Farb is the classic entrepreneurial visionary. He recounts his original insight this way: “Let’s forget educational design up until now, let’s forget what’s possible and just redesign learning with today’s students and today’s technology in mind. There were plenty of multi-billion-dollar organizations in the education space, and I don’t think they were innovating in the way that we needed them to and I didn’t think we needed them anymore. To me, it’s really all about the students and I didn’t feel like the students were being served as well as they could.”
Today Grockit offers many different educational products, but in the beginning Farb followed a lean approach. Grockit built a minimum viable product, which was simply Farb teaching test prep via the popular online web conferencing tool WebEx. He built no custom software, no new technology. He simply attempted to bring his new teaching approach to students via the Internet. News about a new kind of private tutoring spread quickly, and within a few months Farb was making a decent living teaching online, with monthly revenues of $10,000 to $15,000. But like many entrepreneurs with ambition, Farb didn’t build his MVP just to make a living. He had a vision of a more collaborative, more effective kind of teaching for students everywhere. With his initial traction, he was able to raise money from some of the most prestigious investors in Silicon Valley.
When I first met Farb, his company was already on the fast track to success. They had raised venture capital from well-regarded investors, had built an awesome team, and were fresh off an impressive debut at one of Silicon Valley’s famous startup competitions.
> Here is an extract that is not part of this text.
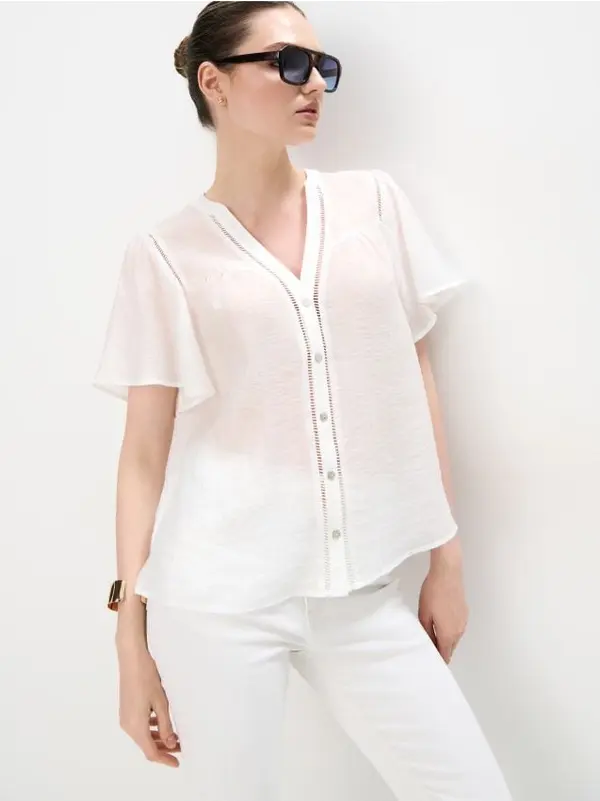 Mohito Mohito - Блуза със съдържание на лиосел - бяло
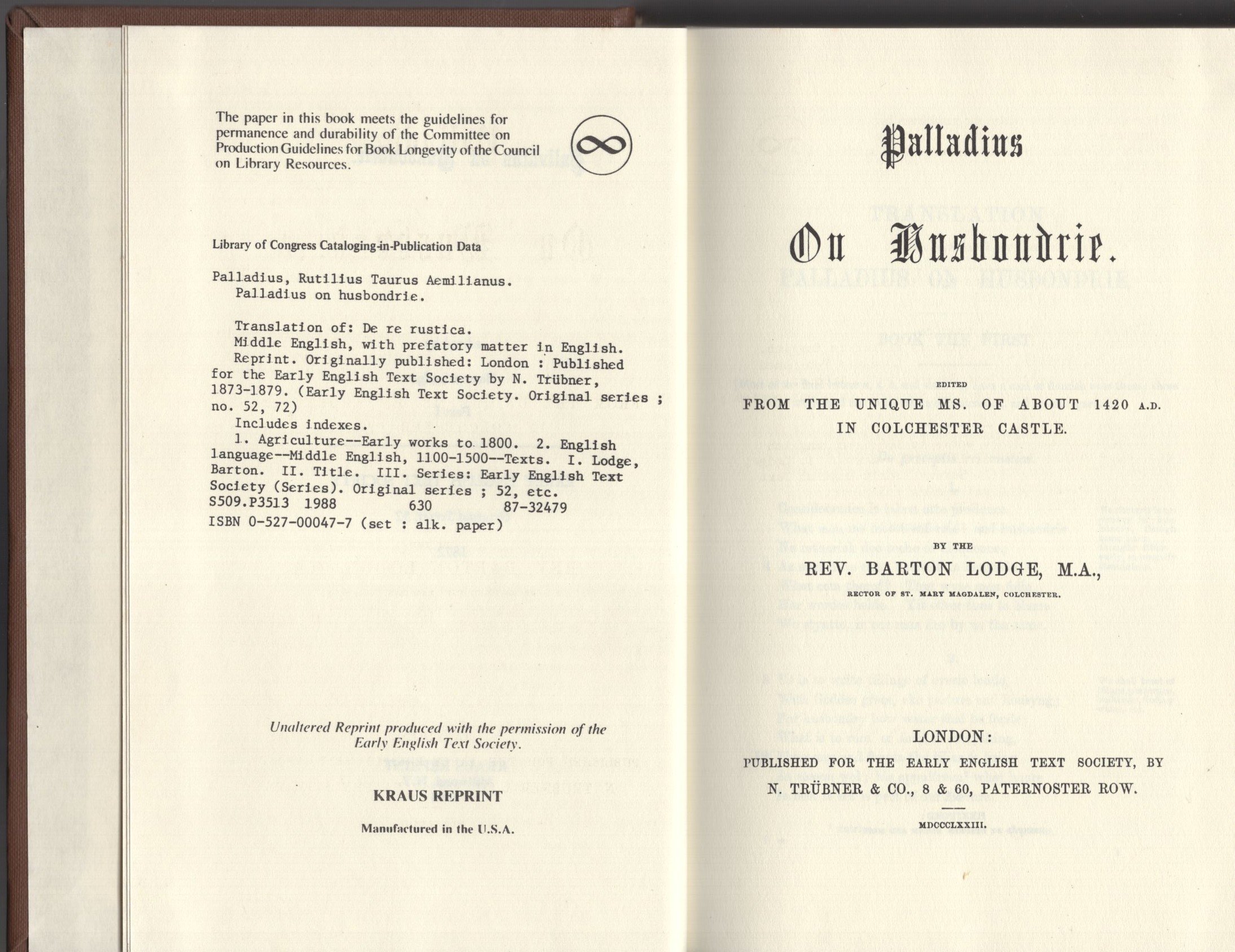 Palladius on husbondrie (Hardcover)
They were extremely process-oriented and disciplined. Their product development followed a rigorous version of the agile development methodology known as Extreme Programming (described below), thanks to their partnership with a San Francisco–based company called Pivotal Labs. Their early product was hailed by the press as a breakthrough.
There was only one problem: they were not seeing sufficient growth in the use of the product by customers. Grockit is an excellent case study because its problems were not a matter of failure of execution or discipline.
Following standard agile practice, Grockit’s work proceeded in a series of sprints, or one-month iteration cycles. For each sprint, Farb would prioritize the work to be done that month by writing a series of user stories, a technique taken from agile development. Instead of writing a specification for a new feature that described it in technical terms, Farb would write a story that described the feature from the point of view of the customer. That story helped keep the engineers focused on the customer’s perspective throughout the development process.
Each feature was expressed in plain language in terms everyone could understand whether they had a technical background or not. Again following standard agile practice, Farb was free to reprioritize these stories at any time. As he learned more about what customers wanted, he could move things around in the product backlog, the queue of stories yet to be built. The only limit on this ability to change directions was that he could not interrupt any task that was in progress. Fortunately, the stories were written in such a way that the batch size of work (which I’ll discuss in more detail in Chapter 9) was only a day or two.
This system is called agile development for a good reason: teams that employ it are able to change direction quickly, stay light on their feet, and be highly responsive to changes in the business requirements of the product owner (the manager of the process—in this case Farb—who is responsible for prioritizing the stories).
How did the team feel at the end of each sprint? They consistently delivered new product features. They would collect feedback from customers in the form of anecdotes and interviews that indicated that at least some customers liked the new features. There was always a certain amount of data that showed improvement: perhaps the total number of customers was increasing, the total number of questions answered by students was going up, or the number of returning customers was increasing.
However, I sensed that Farb and his team were left with lingering doubts about the company’s overall progress. Was the increase in their numbers actually caused by their development efforts? Or could it be due to other factors, such as mentions of Grockit in the press? When I met the team, I asked them this simple question: How do you know that the prioritization decisions that Farb is making actually make sense?
Their answer: “That’s not our department. Farb makes the decisions; we execute them.”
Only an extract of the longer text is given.